Staveley didn't throw the towel in and go into free-fall, they stood firm re-grouped and gave it their best, particularly in the second half. Was a 1-4 away win a true reflection of the proceedings, I would say not, perhaps 1-3 would be more fair minded. Players that stood out for me included the raw power and intricate skills of Staveley's Nathan Forbes and for Bridlington Town the supremely competent Ash Allanson, is there a better midfield player in this division, I doubt it. I was also impressed by the Bridlington forward Ombeni Ruhanduka, great player to watch, so sharp and skillful, think Gary isn't so keen at his tracking back efficiency at the moment though.

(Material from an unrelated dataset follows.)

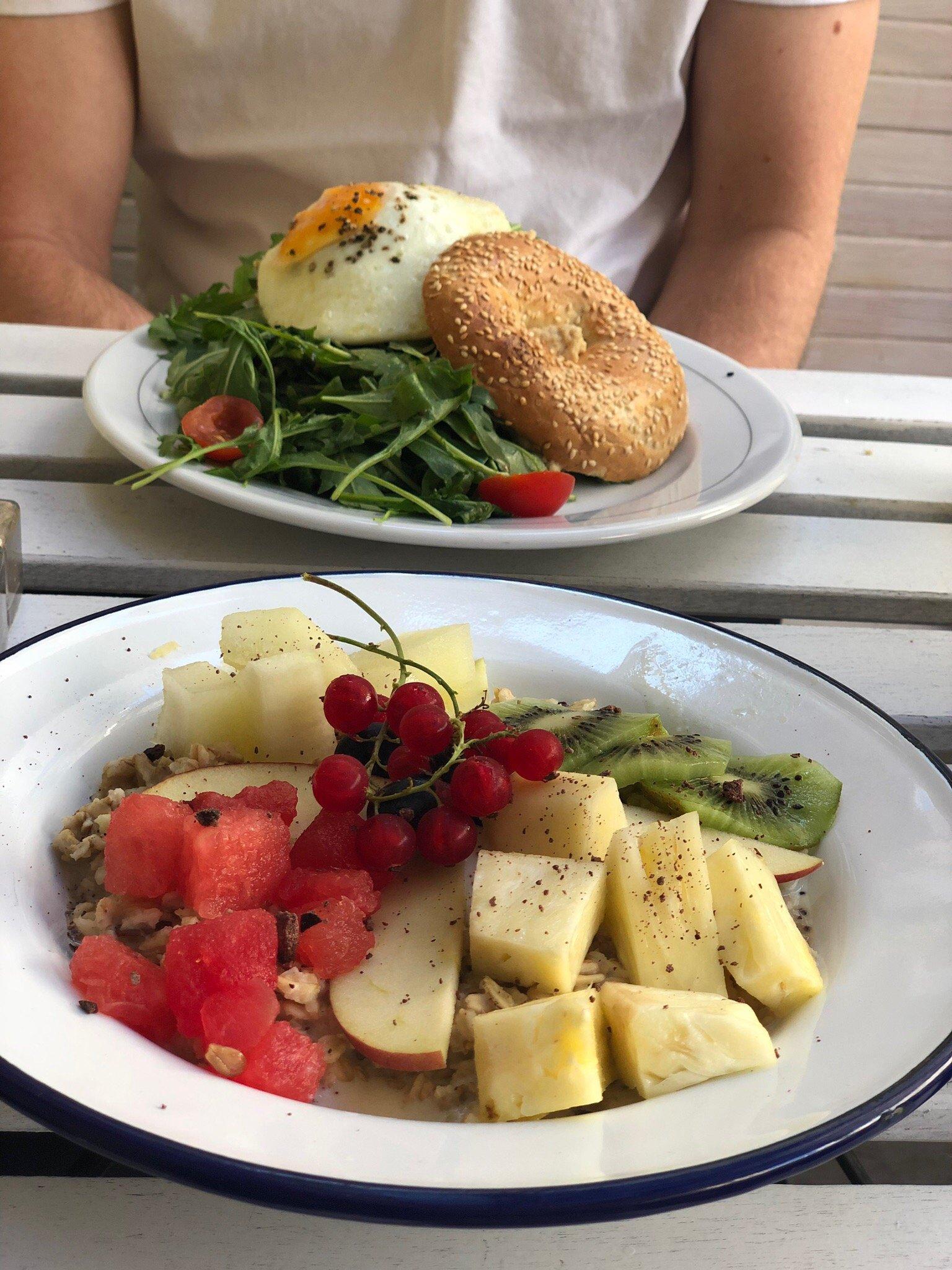 Bułke przez Bibułke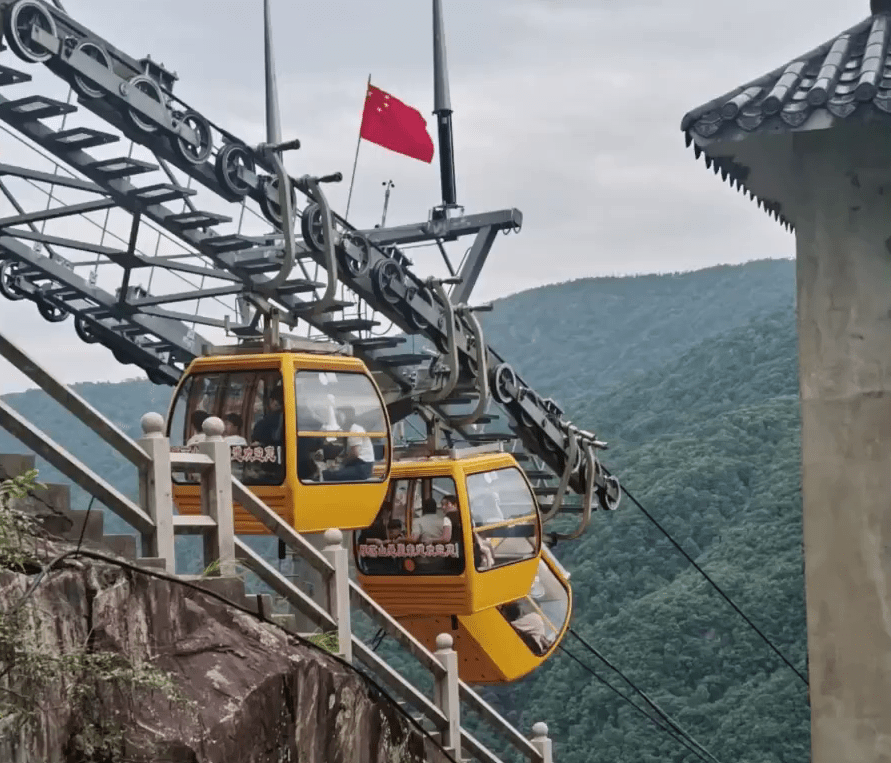 圖網上流傳圖顯示，一輛印有「雁蕩山懸崖索道歡迎」的黃色纜車在空中傾斜。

It was a shame that Joe Cooper got a painful injury for the visitors in the latter stages of the game, I wish him a speedy recovery. In all honesty I dont think this was a great game by any means, Bridlington took their opportunities but the rest of it was scrappy and somewhat disjointed. Don't think a very bobbly pitch helped a passing game but that may be due to the recent relaying of the playing surface. Of course it is very early days and teams need a few weeks to bed in new tactics, players and strategies.
I got the camera out the Match Shed with around 15 minutes left and took some photo's of this really nice ground. After that it was back to the hills, good job I remembered to pick the wife up?